The Potrero Point area, and present site of Pier 70, has long fascinated me. Centered along 20th Street at Illinois, the site holds the most extraordinary example of a historic industrial village still intact on the West Coast. The area has been in regular industrial use since the 1860s and was the home of the truly epic Union Iron Works. Now the site is dominated by massive, Italian built, luxury cruiseliner Carnival Splendor.

Abandoned building in the former UIW complex.
Union Iron Works was founded in 1849 at First and Mission Streets in the south-of-Market area. After years as California's premier producer of mining, railroad, agricultural, and locomotive equipment, UIW entered the shipbuilding market with mythic power and intensity. In 1885, they launched the first steel hulled ship in the West. In 1886, UIW was awarded a 1 million dollar contract from the Navy to build the cruiser Charleston which they completed in 18 months. They went on to build another 75 steel ships by 1902, including the two most famous vessels in the Spanish American War, the Olympia and the Oregon. America was now projecting it's rising strength throughout the Pacific.

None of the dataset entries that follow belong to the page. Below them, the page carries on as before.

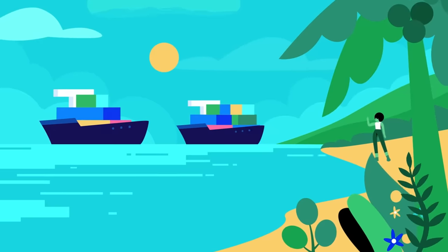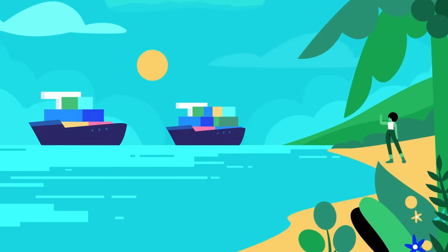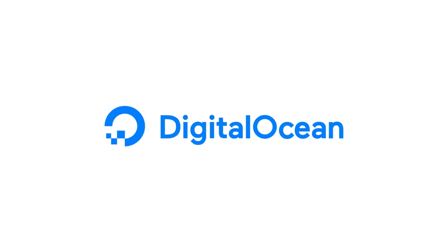Let DigitalOcean manage your MongoDB database so you can make your app the best it can be. DigitalOcean. Simplicity at scale.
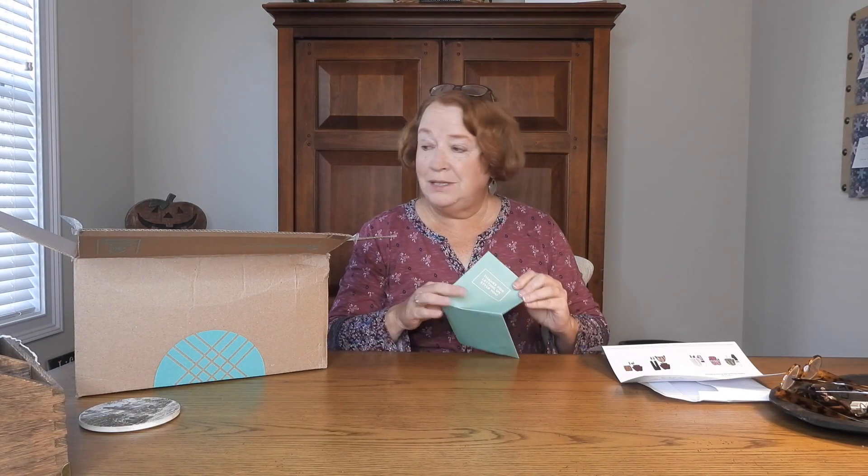I can usually count on Stitch Fix to like at least one thing — sometimes all of them. I went a little crazy last time and sent something back that I kind of wanted, then ended up ordering it. Looks like Brooke is my stylist, and I think Brooke is new to me. Here is my dreaded invoice. Also in the box, you get a mail bag to return anything you don't want, free of charge — that's always nice.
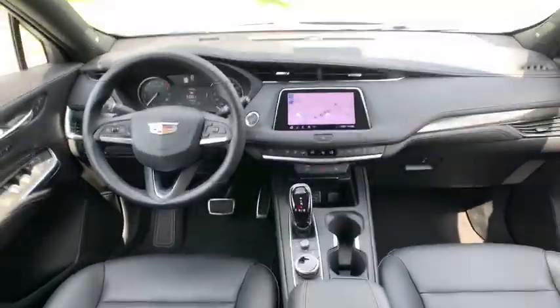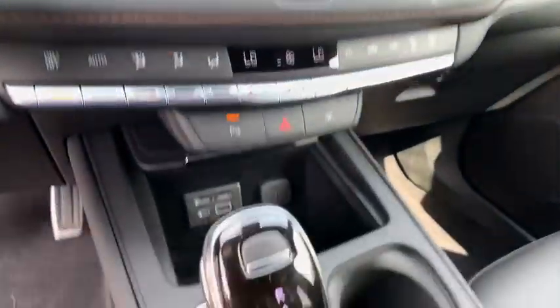Bluetooth, leather-wrapped steering wheel, power steering, adjustable steering wheel, floor mats, auto-dimming rear-view mirror, four-wheel disc brakes, cruise control.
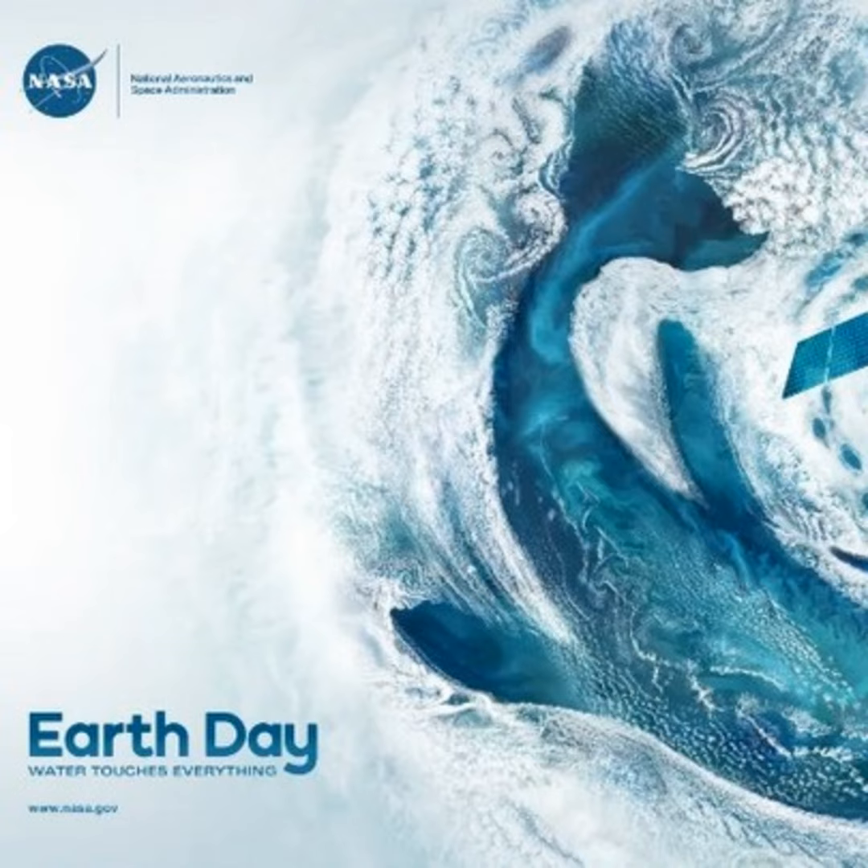Since then, data has been coming like crazy and we've been getting so much more than we've ever been able to see before. Previously we've been able to see just one color, one greenness of the ocean. Now we can see so many different colors and understand better what's happening in the ocean, atmosphere, and all the Earth systems.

Looking across to the inner northern edge of the Potrero Point complex long occupied by the Union Iron Works and successors. A group of patrons from The Ramp, a well known, much loved restaurant and bar, enjoy the bayside industrial atmosphere at a table directly across from the old UIW ship launching ramps.
Thousands of men worked in these yards and millions of dollars flowed into San Francisco from the maritime industry in the period before 1908. Now core of the 40 acre site is largely abandoned, with ongoing activity focused on the outlying drydocks operated by BAE Systems. This is where we are today and there is a vibrant energy in the air surrounding Pier 70.
Looking out toward the BEA drydocks near The Ramp.
As we approach the site we spot the giant bulk of the 952-foot-long Carnival Splendor. She was towed into drydock on January 23 after limping up the coast from San Diego. We make our way past "the Ramp" waterfront bar and restaurant to have a closer look. The enormous cruise ship made worldwide news last November when it was disabled by a serious engine room fire off the Mexican Coast. Thousands of passengers were stranded for days without power while they floated helplessly off the coast of Baja.
The repair job will take about three weeks and will have a price tag of $8-9 million. It is San Francisco's biggest maritime engineering project in 45 years and will employ more than 900 workers in 22 different crafts.
This San Francisco drydock is the only facility on the West Coast of North America big enough to handle a ship this size. The Splendor has 14 decks and can carry more than 3,700 passengers. It is longer than a battleship and larger than the Titanic. The damaged engines are below the water line and repairs will necessitate cutting through the hull for access. That type of work requires giant tracking cranes and a massive dry dock.
As we stand in the warm sunshine and fresh Bay air I feel the historic industrial power of the City resurging into action for a new heroic maritime effort. Fishermen at the nearby dock tell us the herring have arrived in force, and they are overflowing with a feeling of excited abundance. Now the regional maritime workers are feeling the same buzz a few hundred yards away at Pier 70.

"Hollywood", a charismatic, retired construction worker tells us about the massive herring runs that overflowed the fishermen's capacity here over the last few days. There is a lull now but huge schools are presently being tracked off the Bay Bridge.